Alors qu’un Comité interministériel de la mer doit se tenir la semaine prochaine et que les prochaines Assises de l’Economie maritime se dérouleront à Marseille début novembre, nous faisons le point aujourd’hui avec Frédéric Moncany de Saint-Aignan, qui a succédé en début d’année à Francis Vallat à la présidence du CMF. 

 

MER ET MARINE : Les enjeux maritimes commencent enfin à trouver un écho médiatique et un intérêt politique. Après les avoir négligé pendant longtemps, les gouvernants en parlent de plus en plus. Cela dit, au-delà des grands discours, les résultats semblent parfois un peu décevants et le volontarisme affiché ne se traduit pas toujours concrètement, loin s’en faut…
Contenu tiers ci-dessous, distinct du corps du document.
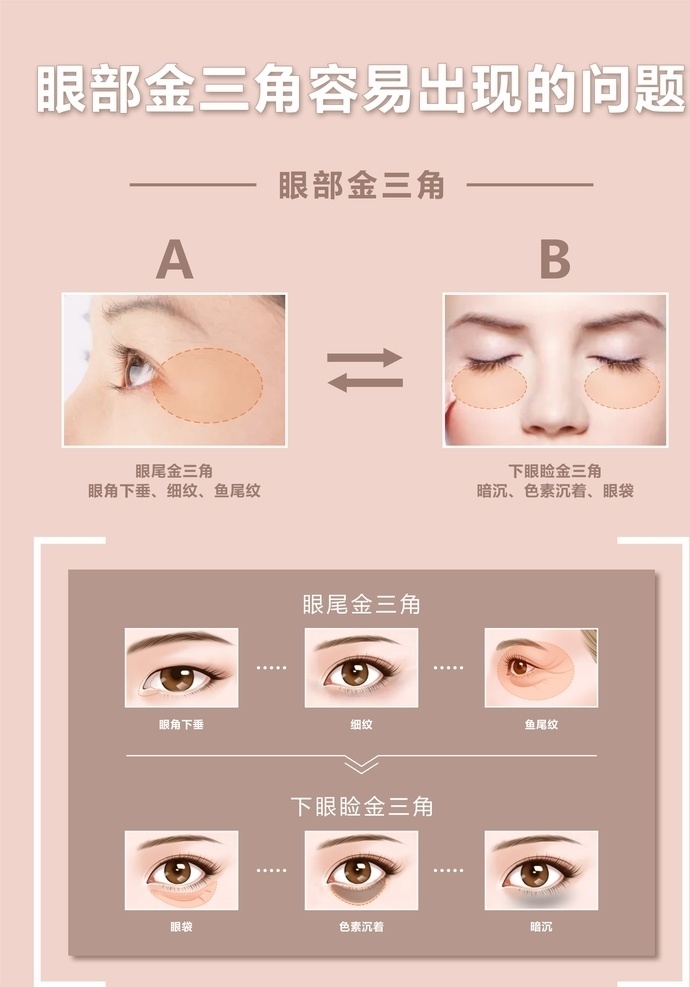 眼部金三角 眼部 金三角 皮膚 問題 眼睛 皺紋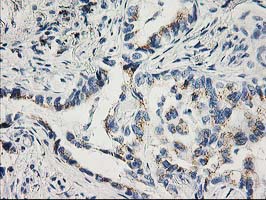 CDK2 Antibody - IHC of paraffin-embedded Carcinoma of Human lung tissue using anti-CDK2 mouse monoclonal antibody.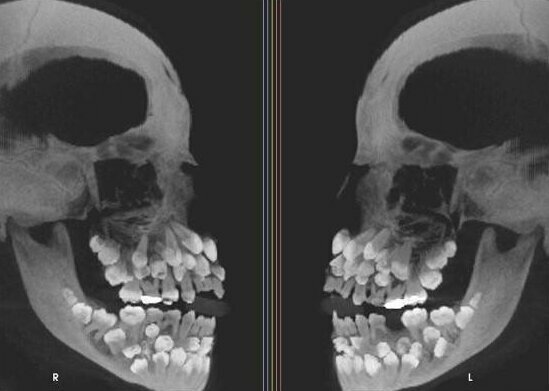 5. А это снимок человека с гипердонтией (аномалия числа зубов)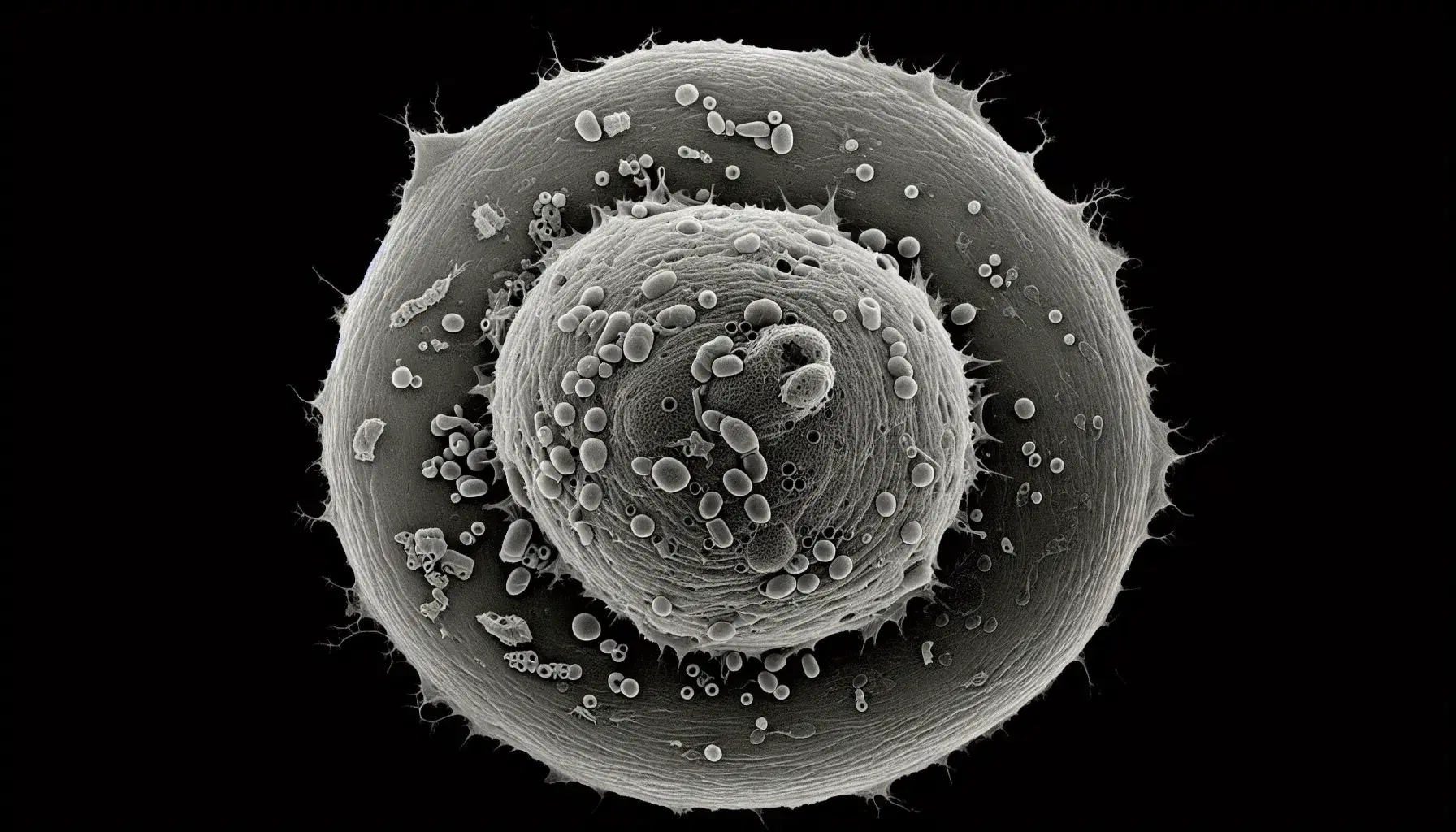 Cellula umana al microscopio elettronico con membrana plasmatica, nucleo e organelli interni visibili in diverse tonalità di grigio.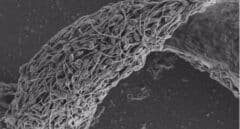 Micrografía electrónica de barrido de espermatozoides humanos pegados e inmovilizados por un anticuerpo antiespermático.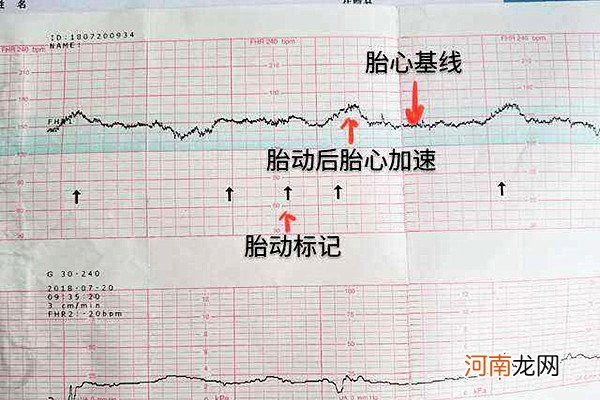 nt胎心率160绝对是女孩 胎心看男女准吗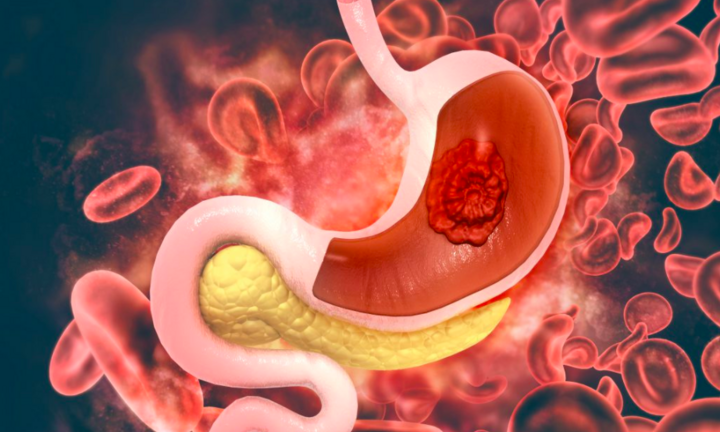 Ung thư dạ dày: 4 dấu hiệu sau khi ăn cảnh báo bệnh đã âm thầm tấn công cơ thể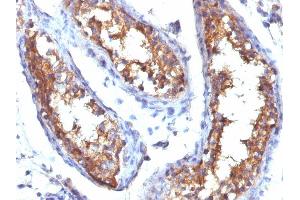 Formalin-fixed, paraffin-embedded human Testicular Carcinoma stained with CD99 Mouse Monoclonal Antibody (HO36-1.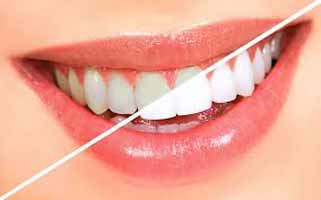دندانپزشکی در نالوس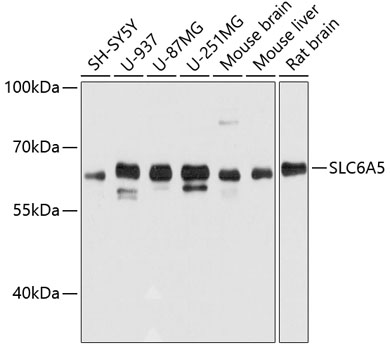 Western blot - SLC6A5 Polyclonal Antibody 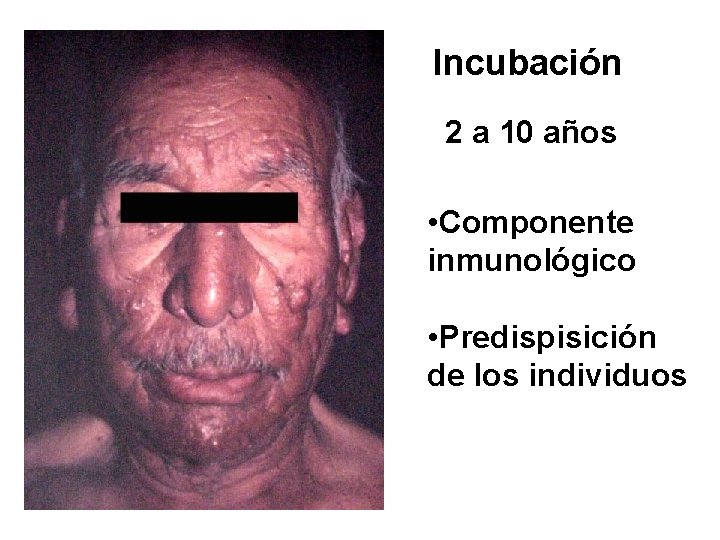 Incubación 2 a 10 años • Componente inmunológico • Predispisición de los individuos 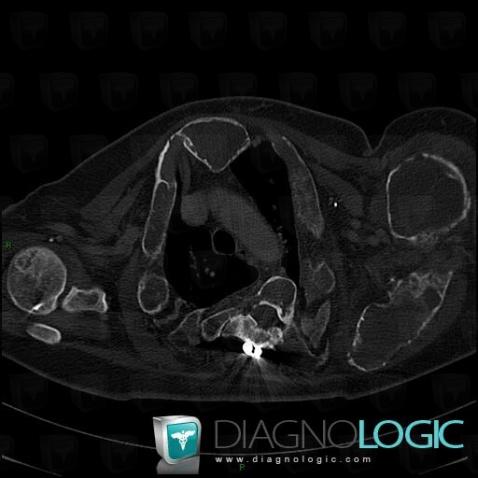 Fibrous dysplasia, Scapula, Humerus - Proximal part, CT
FREDERIC MONANY DE SAINT-AIGNAN : On parle en effet de plus en plus de la mer et des océans. Les gouvernants et ceux appelés à gouverner se saisissent de ces questions. C’est une bonne chose. Toutefois, nous sommes il est vrai passés d’un silence assourdissant à un bruit de fond assez confus.

Qu’attendez-vous ?

C’est bien de s’intéresser au maritime mais, au-delà des paroles et de quelques actions, il faut passer à la vitesse supérieure. Nous devons maintenant avancer vers une politique globale et coordonnée pour tirer le pays vers la Croissance Bleue. Car, si de nombreuses choses sont faites, les mesures sont généralement dispersées et manquent de cohérence. Il faut une véritable stratégie maritime, cohérente, coordonnée et concrète.  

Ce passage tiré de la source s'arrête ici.